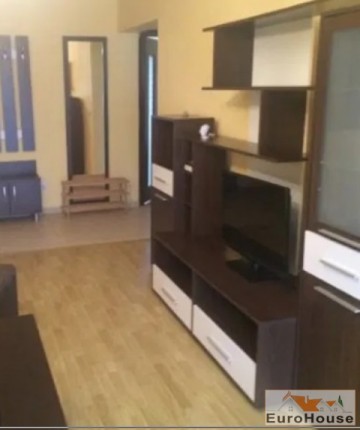 apartament-2-camere-de-vanzare-alba-iulia-4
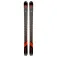 Scott Superguide 88 Tourenski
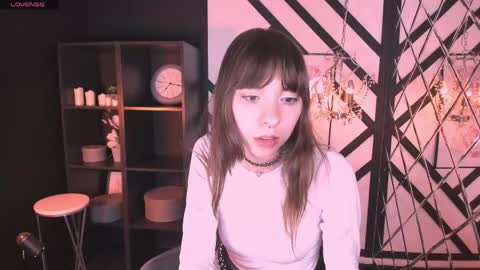 Camilla online show from March 21, 2026, 5:34 am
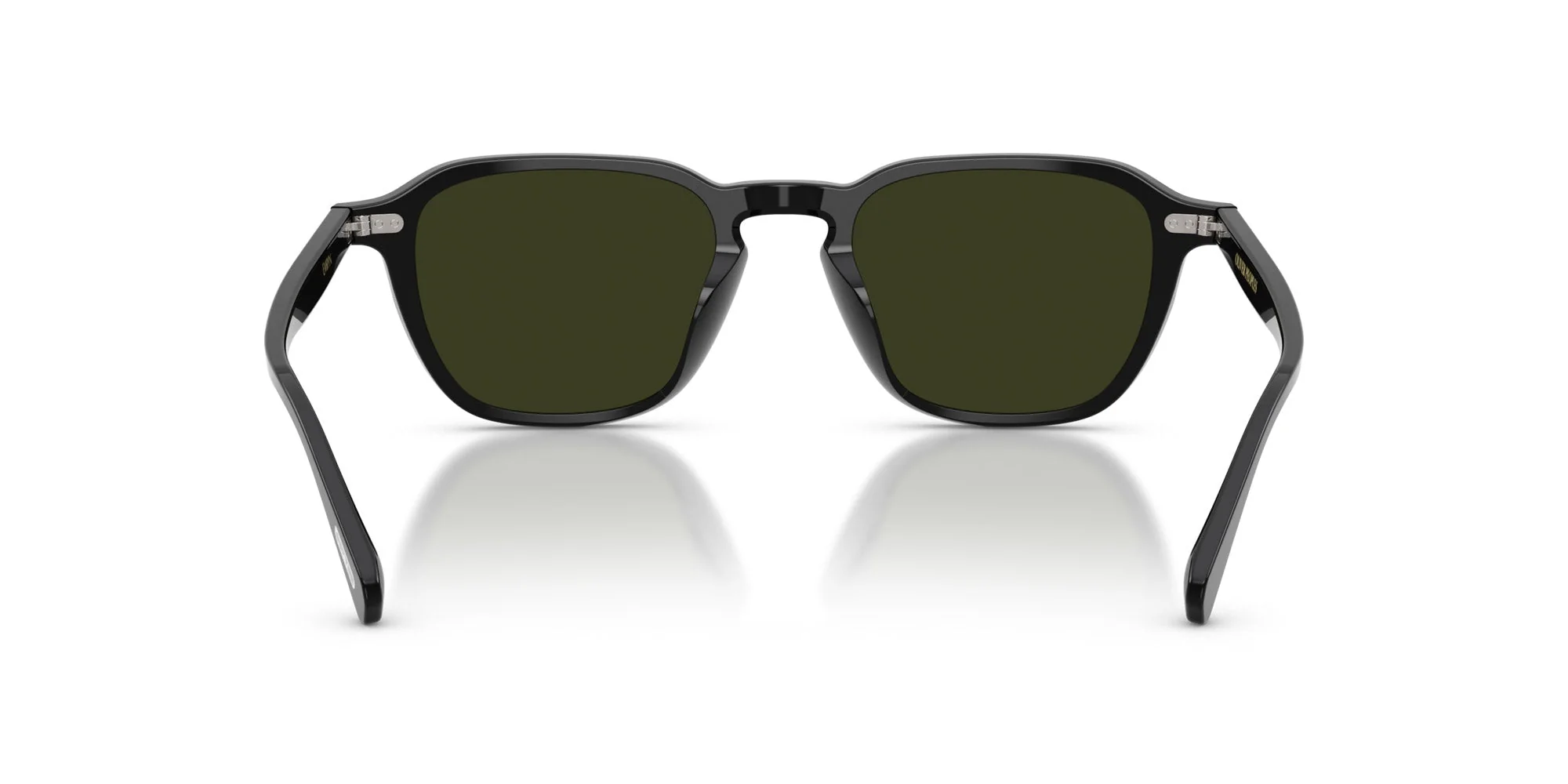 Oliver Peoples Emryn OV5598SU - Image 10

■ **Work item**
Every line above should be retyped exactly; the pictures do not belong in the copy.

■ **Solved problem**
 apartament-2-camere-de-vanzare-alba-iulia-4
 Scott Superguide 88 Tourenski
 Camilla online show from March 21, 2026, 5:34 am
 Oliver Peoples Emryn OV5598SU - Image 10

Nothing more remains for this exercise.